VA loans often approve borrowers in the 600 to 620 range. The higher your credit score, the better your mortgage interest rates and insurance costs.

Pro tip: avoid opening new credit lines before applying.

Employment history, income stability, and reserves

Lenders like to see two years of steady work. Salaried income is the easiest to verify, while variable income usually requires longer averaging. Cash reserves also make a big difference.

For jumbo loans and investor loans, having two to six months of PITI saved can strengthen your file and improve approval chances.

Property, occupancy, and loan purpose

Not all properties price the same. Primary residences usually qualify for the best terms. Second homes are a bit more expensive, and investment properties are the priciest.

Condos, multi-units, and manufactured homes may come with extra rules. Be clear whether your loan is for a purchase, a rate-term refinance, or a cash-out refinance.

Documentation lenders expect: mortgage documents checklist

Having your paperwork ready speeds things up. Expect to provide IDs, two months of bank statements, recent pay stubs, W-2s or 1099s, and two years of tax returns.

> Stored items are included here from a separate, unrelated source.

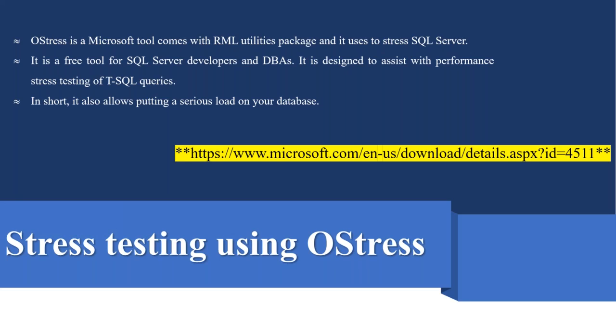In short, it also allows putting a serious load on your databases, meaning using this tool we can keep load on our SQL databases that can be on-premise, that can be Azure SQL, that can be Azure SQL VM.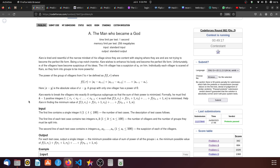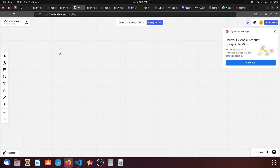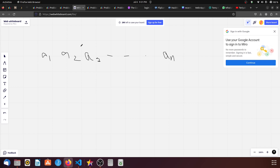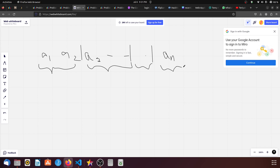Today we are going to discuss problems A, B, and C of Codeforces Round 882. The first problem is 'The Man Who Became a God.' This problem says we have an array of size n with elements a1, a2, a3 up till an, and we have to divide this array into k parts. We add k-1 divisions between these numbers such that the sum of each section is minimum.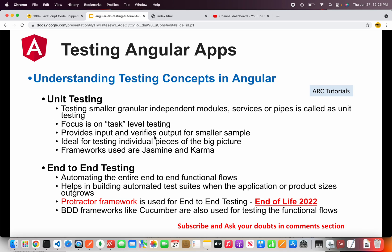So what is unit testing? Unit testing means testing smaller, granular, independent modules — services, pipes, directives, routes and much more. These individual pieces make up unit testing. The focus is only on task-level testing — for example if you are writing a new component you would only test that particular component's behavior and functionality. You provide input and verify that the output is as expected for that smaller module. This is good when you have a large team, say five to eight developers, writing unit tests to verify their individual functionality.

If you’re self-employed, you’ll also need business returns and a year-to-date profit and loss statement. Don’t forget insurance declarations and HOA documents if they apply.

Red flags and quick wins before online mortgage preapproval

Certain things can slow the process. Large unexplained deposits raise questions, and gift funds require proper documentation with a donor letter.

Quick wins include paying down revolving balances, avoiding hard credit inquiries, and correcting any errors on your credit report.

Once that’s done, you’ll be ready to request online mortgage preapproval with more confidence.

Essential Mortgage FAQ

Most online mortgage preapprovals last 60–90 days. If your income, debts, or credit score change, refresh it before shopping. Check mortgage rates today and confirm your lock window so approval and pricing stay aligned. A quick update keeps lenders confident. Renew if still shopping; fresh docs keep pricing consistent.

Closing costs for buyers are typically 2%–5% of the purchase price. Expect lender fees, appraisal, title, taxes, and insurance. Ask about seller credits, lender credits, or a no closing cost refinance later. Compare loan estimates side-by-side; APR differences can save thousands. Request a costs worksheet early; planned credits avoid surprises

Lock if the monthly payment fits your plan and timeline. Mortgage rates today can change quickly. Typical lock windows run 15–60 days, and extensions may cost extra. Compare points vs no points to see the break-even. If you’re house-hunting, align the lock with your expected closing. A timely lock protects approvals; ask about float-downs.

Search best mortgage lenders near me, then compare rates, APR, fees, and lock terms. Ask about FHA, VA, USDA strengths, same-day online mortgage preapproval, and turnaround times. Read recent reviews, confirm NMLS numbers, and request a written loan estimate for apples-to-apples comparisons. Pick clear fee sheets and timelines; ask about locks.